Congrats! That's awesome!


----------



## robbins.photo

Woohoo!  That is like mega super amazing cool.  Cpngrats John.

So does these mean you'll start getting good tables and nice restaurants now?


----------



## ak_

Good cover!


----------



## Ysarex

Congrats!

Joe


----------



## tirediron

Peeb said:


> Nice!!


Thanks! 


MSnowy said:


> Cool John, Congrats


Thank-you!


JustJazzie said:


> Wow! Congratulations!!! That is fantastic news!


Thanks Jazzie!


480sparky said:


>


Cheers!


limr said:


> So stinkin' cool, John!


Thanks Lenny


PropilotBW said:


> Congrats!


Thanks!


waday said:


> Congrats! That's awesome!


Thanks man!


robbins.photo said:


> Woohoo!  That is like mega super amazing cool.  Cpngrats John.
> 
> So does these mean you'll start getting good tables and nice restaurants now?


Thanks Banana-breath; yeah, on the way home today I got the first waiting spot at the McDonald's drive-through instead of my usual one at the end!


ak_ said:


> Good cover!


Thanks! 


Ysarex said:


> Congrats!
> 
> Joe


Thanks Joe!


----------



## Derrel

Hey, cool beans!!! Good for you,man!


----------



## baturn

Congratulations, John!


----------



## Vtec44

Congrats!!!


----------



## JoeW

I guess this means we can all say we knew you back when, before you were shooting covers, letting it all go to your head (oops, that's from being a moderator!).

Seriously though...nice photo, lovely accomplishment, go feel proud.  And then go shoot another cover.


----------



## tirediron

Derrel said:


> Hey, cool beans!!! Good for you,man!


Thanks Derrel, appreciate that!


baturn said:


> Congratulations, John!


Thanks Brian!


Vtec44 said:


> Congrats!!!


Cheers!


JoeW said:


> I guess this means we can all say we knew you back when, before you were shooting covers, letting it all go to your head (oops, that's from being a moderator!).
> 
> Seriously though...nice photo, lovely accomplishment, go feel proud.  And then go shoot another cover.


  Thanks dude!


----------



## Woodsman

Congrats, I can see that well deserved smile all the way from across the country


----------



## sm4him

OUTstanding, John!
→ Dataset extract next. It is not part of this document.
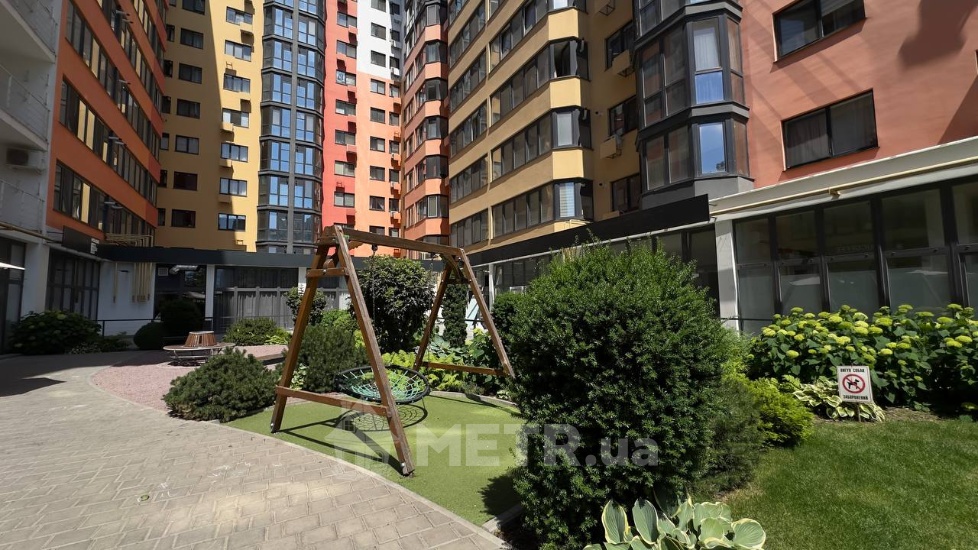 Фото квартири, м. Одеса, вул. Маршала Малиновського 18 (23068-26)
And well deserved. Your portrait work of some of the older military gents should find their way to a magazine somewhere as well, they are one of my all-time favorite series.

Just don't forget us little people now that you're famous!


----------



## ronlane

Congrats.


----------



## astroNikon

Super-Duper Congratulations John !!


----------



## Raj_55555

Awesome John, congratulations! It was well deserved


----------



## JacaRanda

Oh what a feeling........you must have.  Congrats!


----------



## KmH

There ya go! 
Congrats!


----------



## pjaye

Congrats John! (For a minute there, I thought you were at the Royal Military college in my town, I was about to get really pissed that I didn't know you were in town. But you weren't. So we're all good)


----------



## tirediron

Woodsman said:


> Congrats, I can see that well deserved smile all the way from across the country


Cheers! 


sm4him said:


> OUTstanding, John! And well deserved. Your portrait work of some of the older military gents should find their way to a magazine somewhere as well, they are one of my all-time favorite series.
> 
> Just don't forget us little people now that you're famous!


Thank-you Sharon!  


ronlane said:


> Congrats.


Thanks Ron!


astroNikon said:


> Super-Duper Congratulations John !!


Thank-kindly fellow Nikonian!


Raj_55555 said:


> Awesome John, congratulations! It was well deserved


Thanks Raj!!!


JacaRanda said:


> Oh what a feeling........you must have.  Congrats!


I might have to confess to a little internal happiness! 


KmH said:


> There ya go!
> Congrats!


Thanks much, Keith!


symplybarb said:


> Congrats John! (For a minute there, I thought you were at the Royal Military college in my town, I was about to get really pissed that I didn't know you were in town. But you weren't. So we're all good)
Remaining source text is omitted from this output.